### [Data supplied]

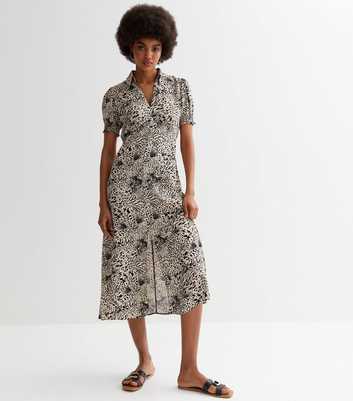 Off White Mixed Animal Print Collared Midi Dress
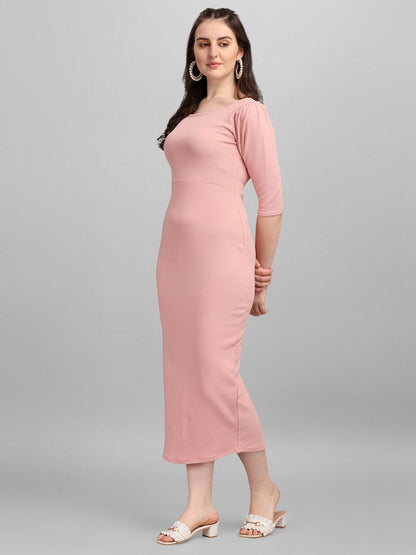 Women Peach Bodycon dress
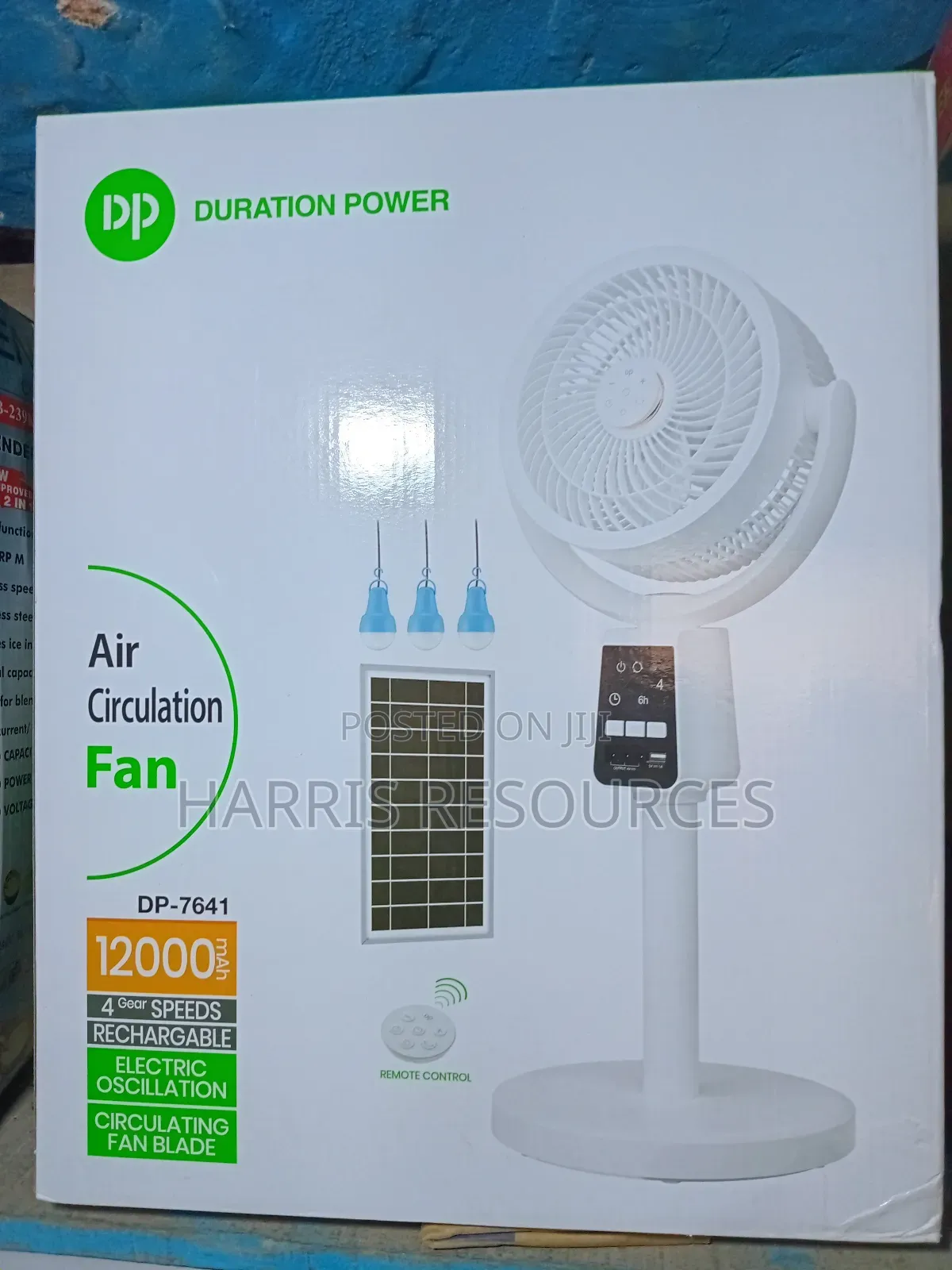Dp Rechargeable Circulation Fan With Solar Panel + 3 Bulbs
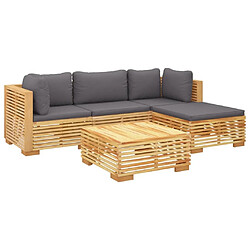 Avis Maison Chic Salon de jardin 5 pcs + coussins - Mobilier/Meubles de jardin - Table et chaises d'extérieur Bois de teck solide -MN38900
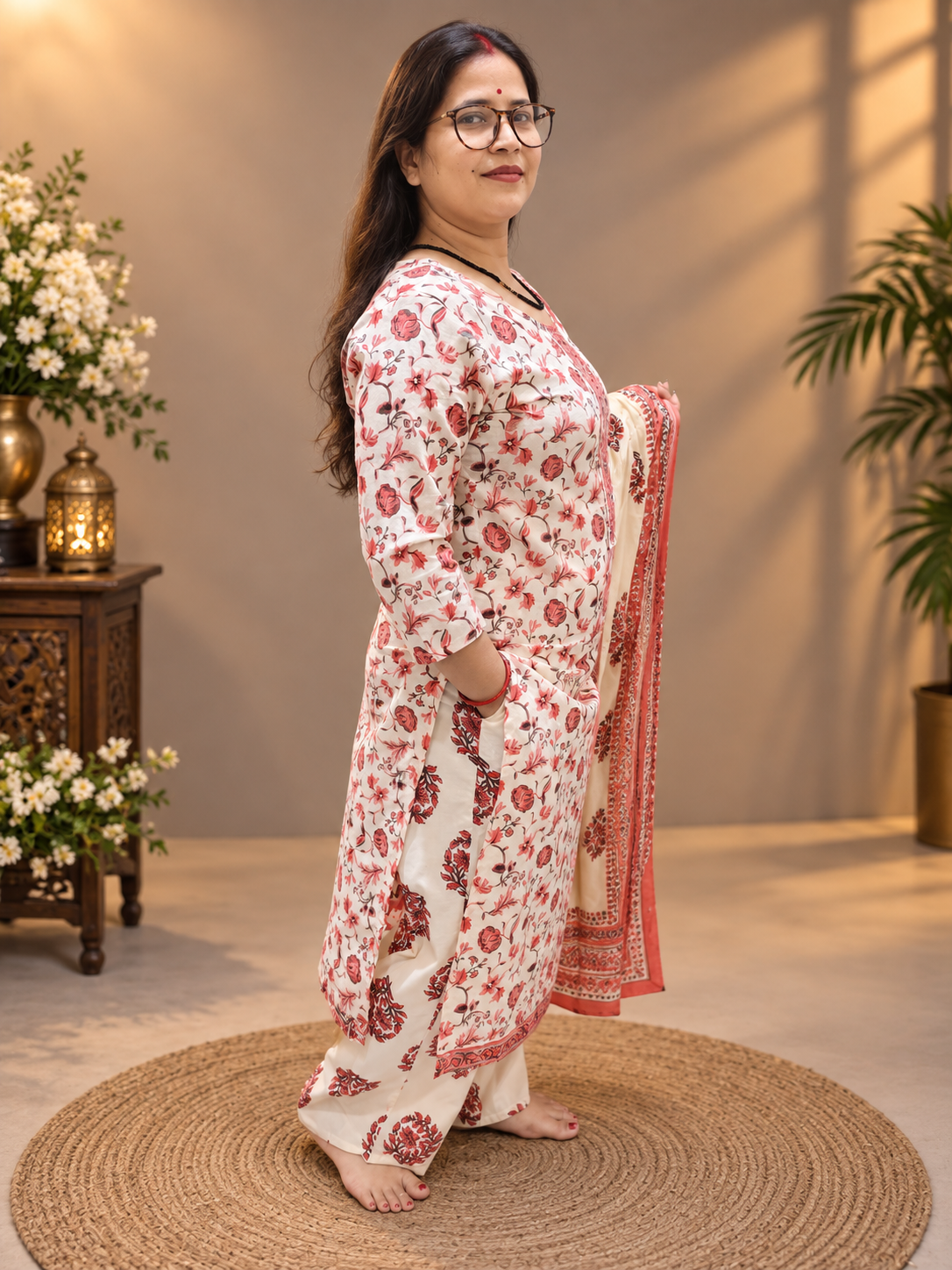 Ivory Floral Printed Cotton Suit Set with Dupatta
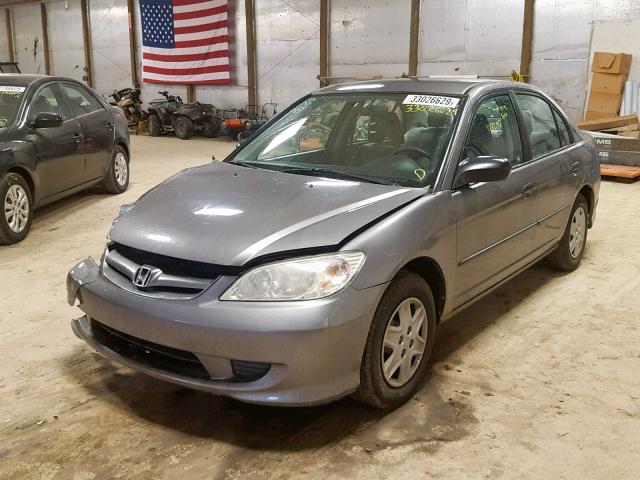 1HGES16315L006565 - 2005 HONDA CIVIC DX V GRAY photo 2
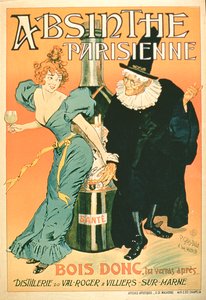 Så Drikk, du vil se senere, plakat som annonserer parisisk absint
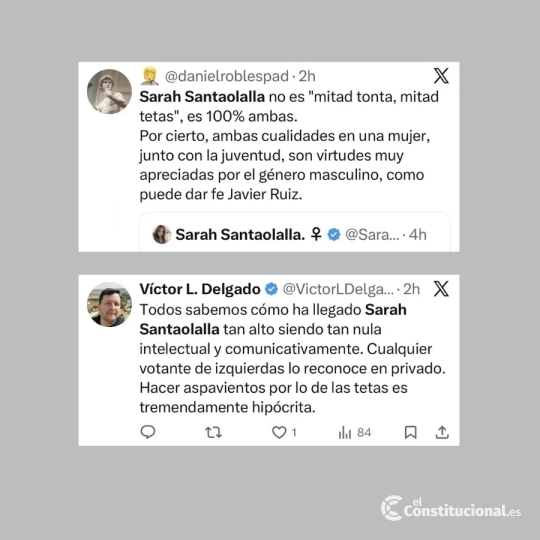 Ejemplos de comentarios en redes sociales sobre Sarah Santaolalla -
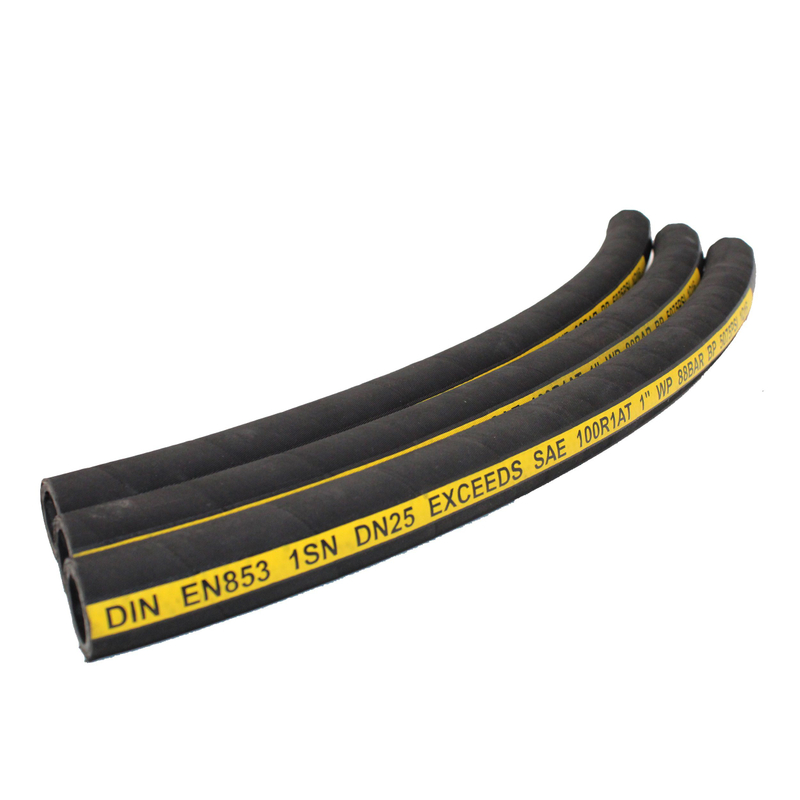 Mangueira hidráulica para escavadeira 3/8 pol. SAE 100r2at / 2sn Trança de fio de aço de alta pressão Piques de borracha resistentes a óleo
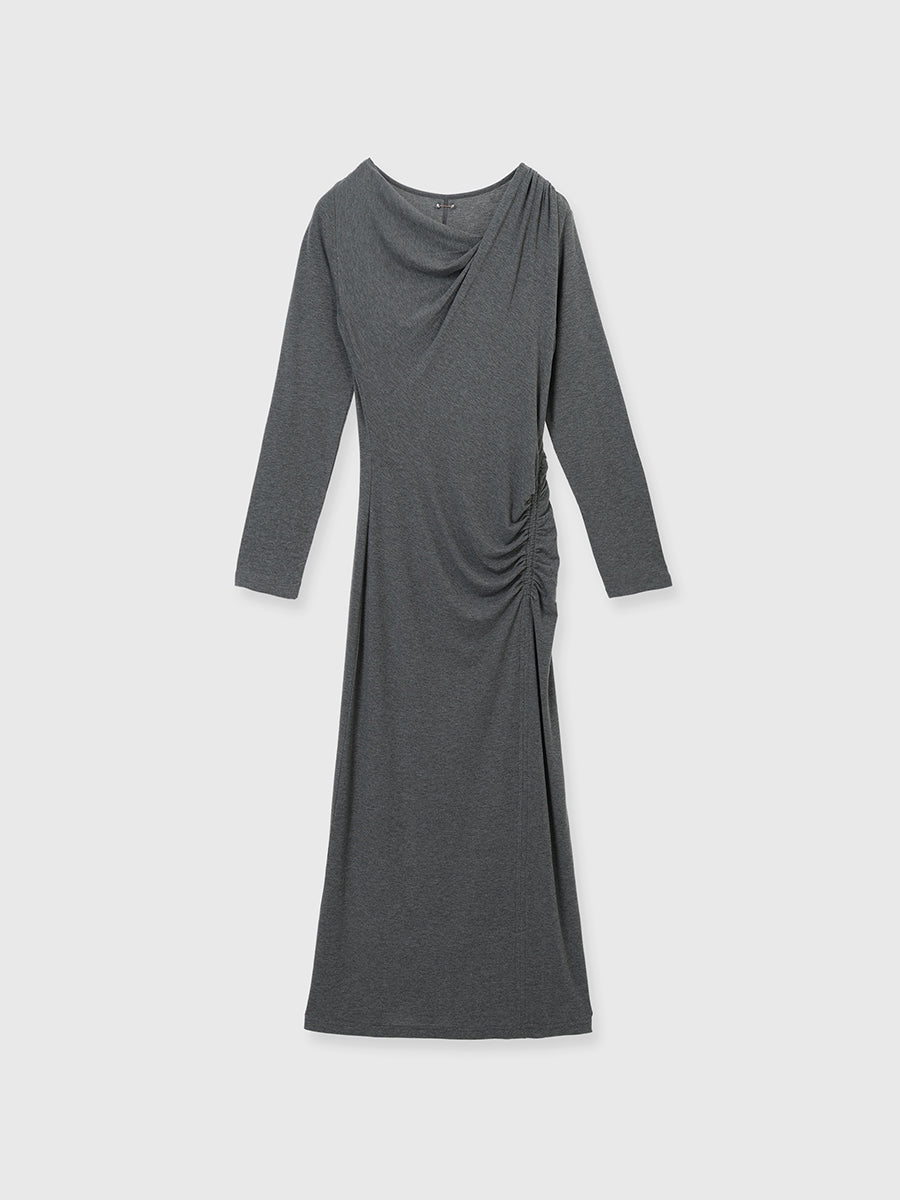 カットドレープギャザーワンピース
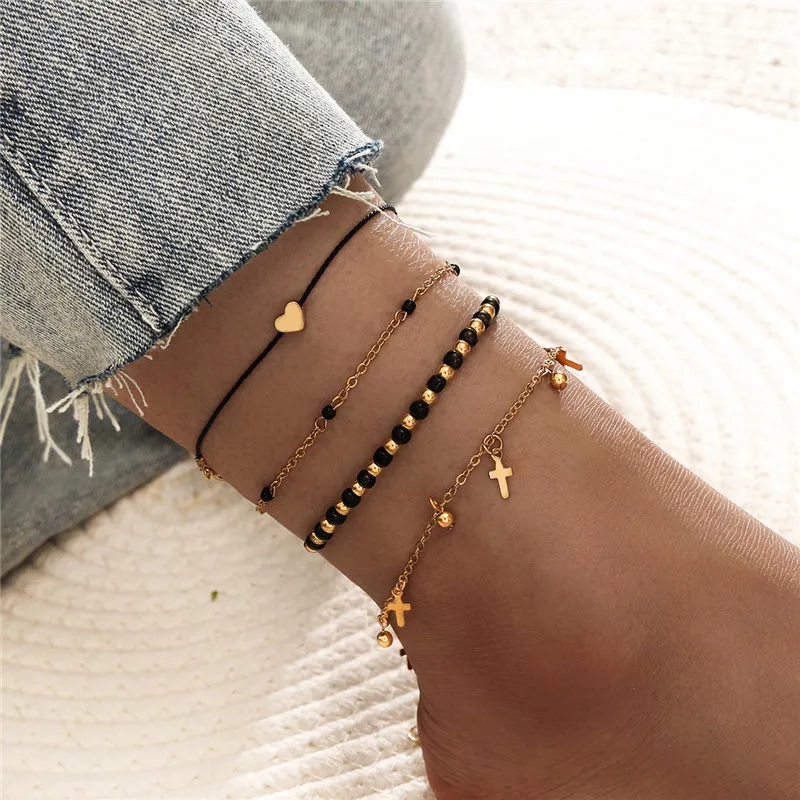 4Pcs/Set Vintage Boho Anklets Handmade Beads Heart Cross Charm Bracelet For Ankle Wholesale Female Leg Jewelry 4Pcs/Set Vintage Boho Anklets Handmade Beads Heart Cross Charm Bracelet For Ankle Wholesale Female Leg Jewelry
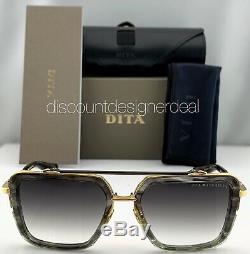 DITA MACH SEVEN Square Sunglasses DTS135-56-03 Gray Swirl Gold Gray Gradient NEW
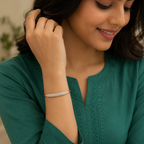 White Pavé Bar Rose-Gold Tone Hinged Bangle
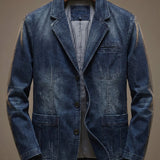WASHED DENIM BLAZER FOR MEN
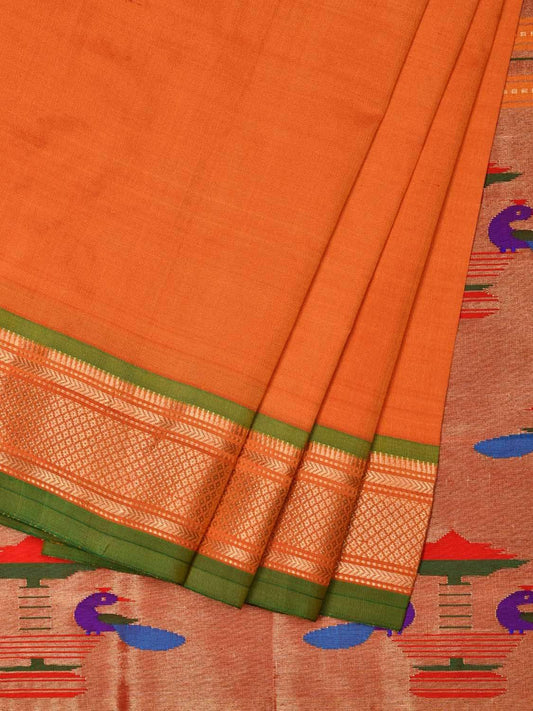 Orange Paithani Silk Handloom Saree with Double Pallu Design p0374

### [Instructions for the task]
The answer must be an exact copy of the lines from the start of the records above through the line containing "Ejemplos de comentarios", with no pictures in it.

### [Solved problem]
 Off White Mixed Animal Print Collared Midi Dress
 Women Peach Bodycon dress
Dp Rechargeable Circulation Fan With Solar Panel + 3 Bulbs
 Avis Maison Chic Salon de jardin 5 pcs + coussins - Mobilier/Meubles de jardin - Table et chaises d'extérieur Bois de teck solide -MN38900
 Ivory Floral Printed Cotton Suit Set with Dupatta
 1HGES16315L006565 - 2005 HONDA CIVIC DX V GRAY photo 2
 Så Drikk, du vil se senere, plakat som annonserer parisisk absint
 Ejemplos de comentarios en redes sociales sobre Sarah Santaolalla -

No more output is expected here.